I’ve never actually been to Washington, DC until now. For some reason we never had a school trip to go see our nation’s capital. Nor was there a family vacation in that neck of the woods. Actually, the closest I ever got to Washington, DC was the trip after college to Lynchburg, Virginia to evaluate the future employer. Even then, Lynchburg isn’t actually that close.
I took the weekend to go exploring. I wanted to see as much as I could of the National Mall. Once work wrapped up on Friday, I was free to go wander around. I brought a few lenses as I wasn’t sure what type of photography would suit the evening. I was glad I had my tripod as it was completely dark and fully spectacular.
At first glance, the National Mall didn’t seem that big. In retrospect, it’s huge. I thought I was going to be able to walk all over the area, but really I was only able to see the Washington Monument, the World War II Monument (later), and the Lincoln Memorial. That was a three hour tour.

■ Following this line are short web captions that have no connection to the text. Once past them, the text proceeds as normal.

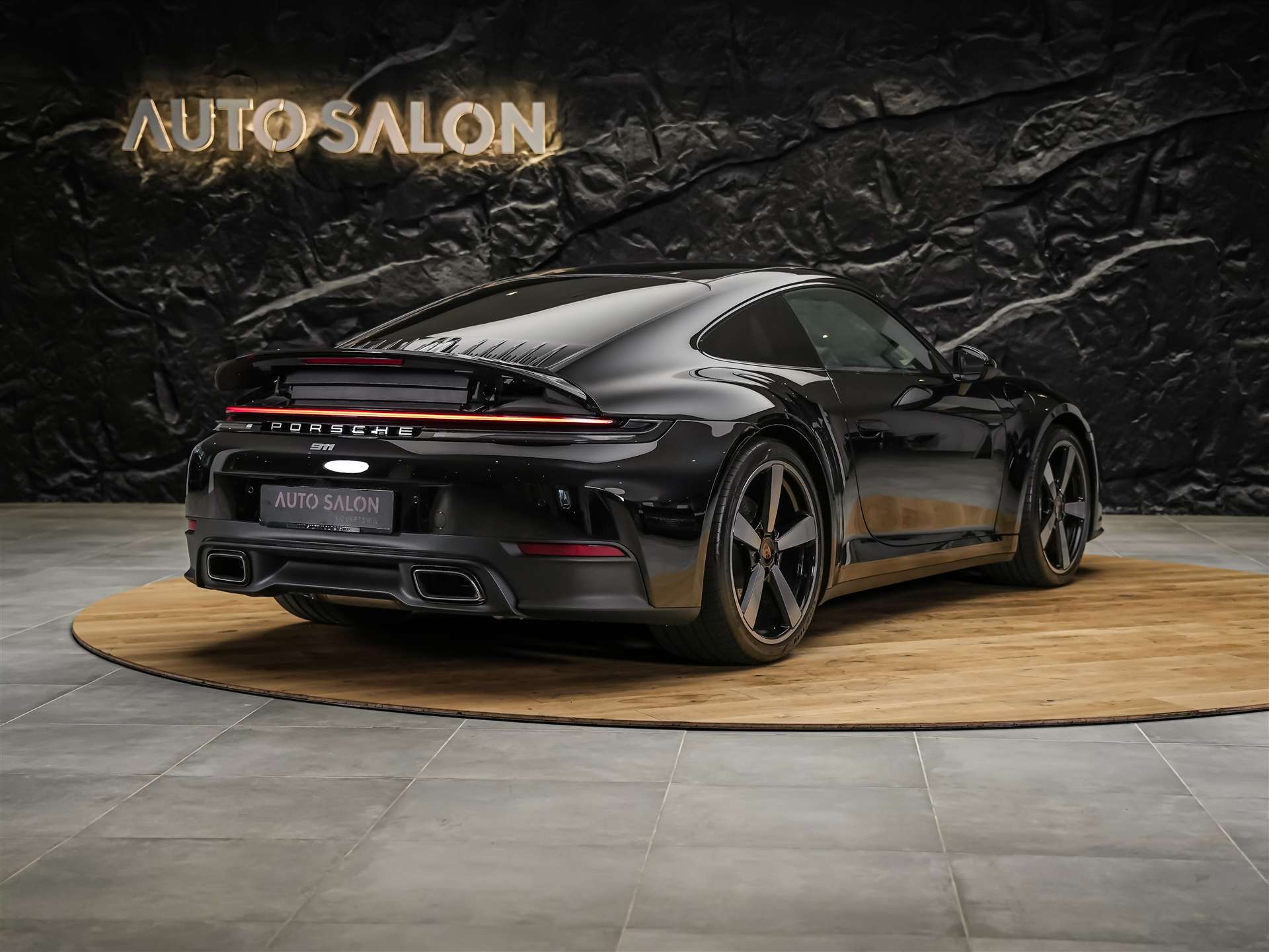 PORSCHE 911 Coupé 3.0 Carrera PDK *Bose Surround*Matrix LED*Lenkradheizung*-image-4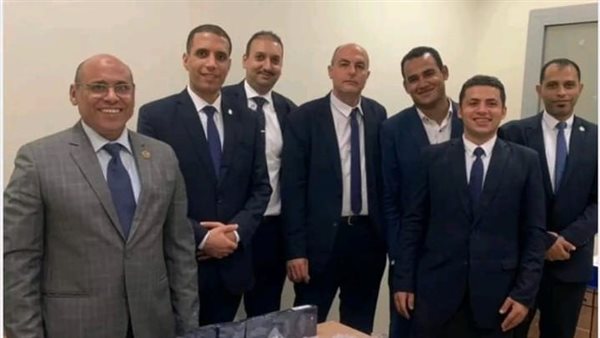 جمارك مطار القاهرة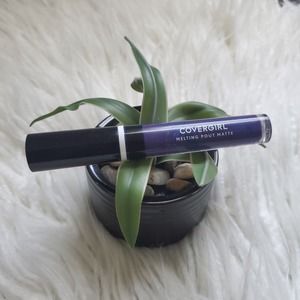Covergirl Melting Pout Matte Lipstick Virgo #318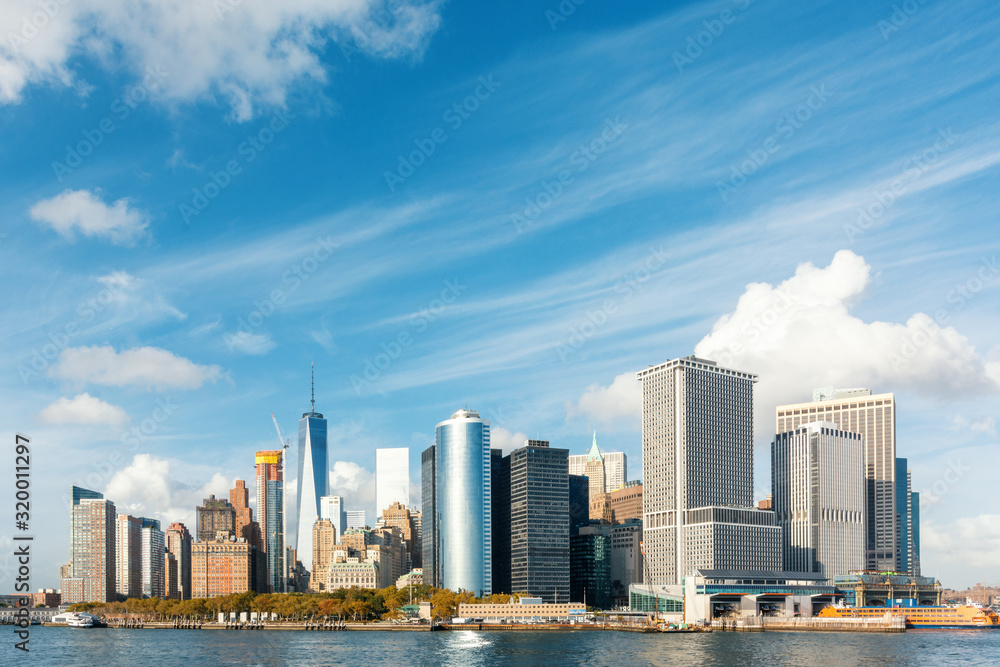 Obraz premium The Skyline of South Manhattan in New York City from the Staten Island Ferry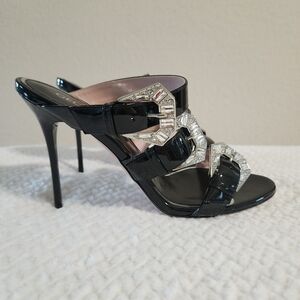 Gedebe NIB Women’s Bruna Buckled Strappy High Heel Sandals Patent size 40 (US 9)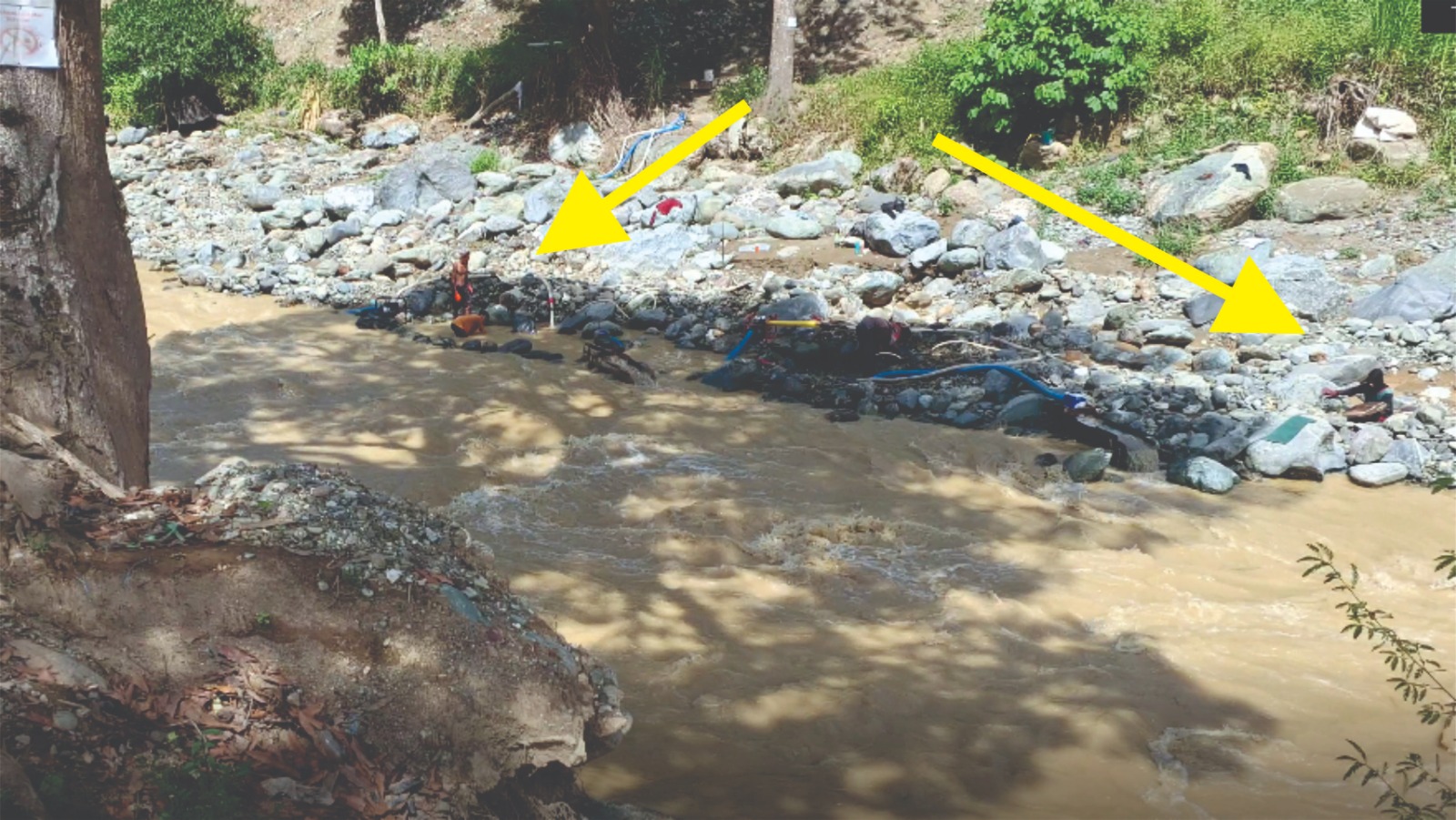 Penampakan akrifitas PETI dekat jembatan Kadundung-To'barru, Kecamatan Latimojong. Gambar diambil 18 Februari 2025. Dok: Maupa.id
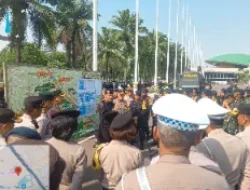Pengamanan Pelayanan Aksi Unras Di Gedung DPR/MPR RI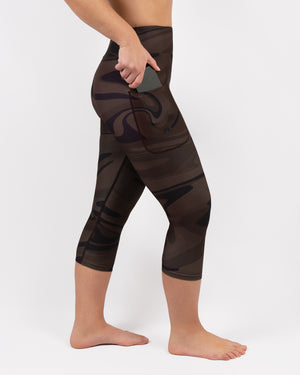 Signature Chestnut Capri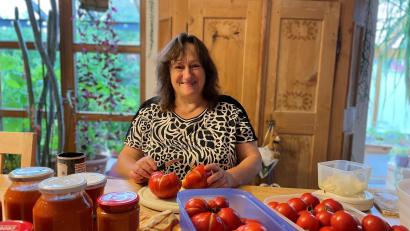 Bild: Büro Schieder
Marianne Schieder, SPD-Bundestagsabgeordnete, kocht aus den Tomaten aus ihrem Gemüsegarten Tomatensugo. Er darf auch mit nach Berlin..
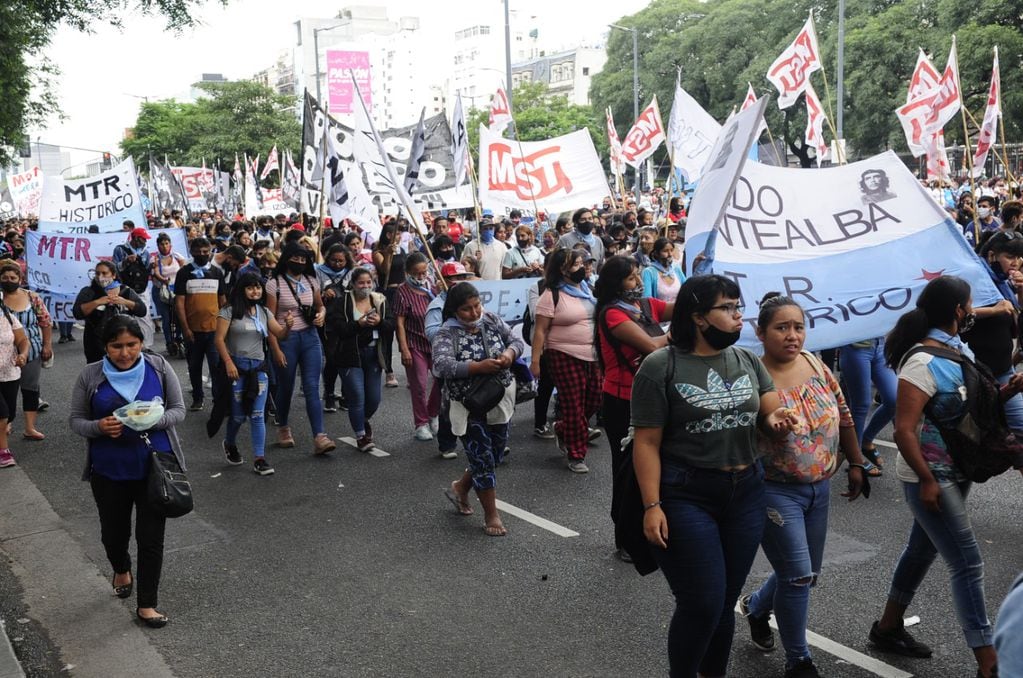 Organizaciones sociales cortan la avenida 9 de Julio en reclamo de más alimentos para comedores comunitarios. (Clarín)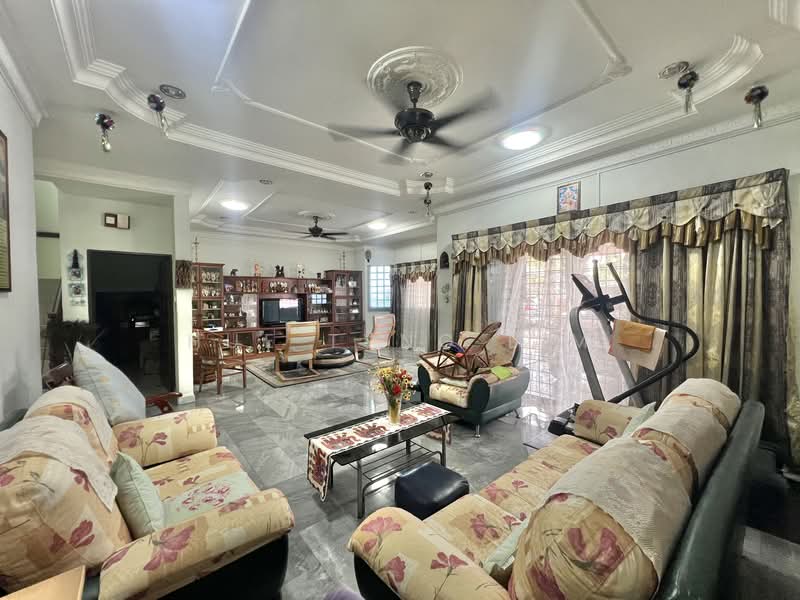 Bungalow for Sale in Tangkak (Johor) - Hue Tyng Lim - Living Room - PropertyGuru.com.my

Living in California separates you from Washington in a number of degrees. Obviously, distance plays a factor. Washington is about 3000 miles away. Secondly, California duplicates a lot of national law with their own spin. CARB, the California Air Resources Board is much more invasive than the EPA. Cal OSHA is likewise more aggressive than the national agency. Since state law is more restrictive in a lot of respects the political battleground here really works on the state level. Also, since California always goes Democratic, we’re really not relevant in national elections.
The Washington Monument
Of any of the monuments, the Washington Monument surprises me the most. The flags around the base of the monument are really cool, but the rest of the building just seemed really bizarre. I mean, it’s probably the most suggestive of any of the buildings in the entire mall. What was the architect thinking?
The Washington Monument brightly shines in the night as the centerpiece of the National Mall. Four large beams on each corner of the monument give it the brilliance that can be seen from many places in the city.
Camera Tip: Focal length matters! Here is the Reflecting Pond at 16 and 35 mm.
The Lincoln Memorial
Growing up in the South, the Civil War was the hot topic in American history. I found his memorial truly humbling. I know every president has significant strain upon their back, but Lincoln seems to be one in his own. During his term his country fractured and he was taxed with bringing it back together.
I just felt a resonance being in the memorial so late at night. I know it was at least after midnight – if not later. What really surprised me is how many people were all over the monument. It was impossible to get a wide-angle shot without somebody stepping into the frame.
By the time I got the Capitol in view I was exhausted. This is where the size of the National Mall hit me hard. It was well after midnight and I had an early Saturday morning ahead of me. Just a photograph would have to do from a distance as I had all of tomorrow to soak in more of the city.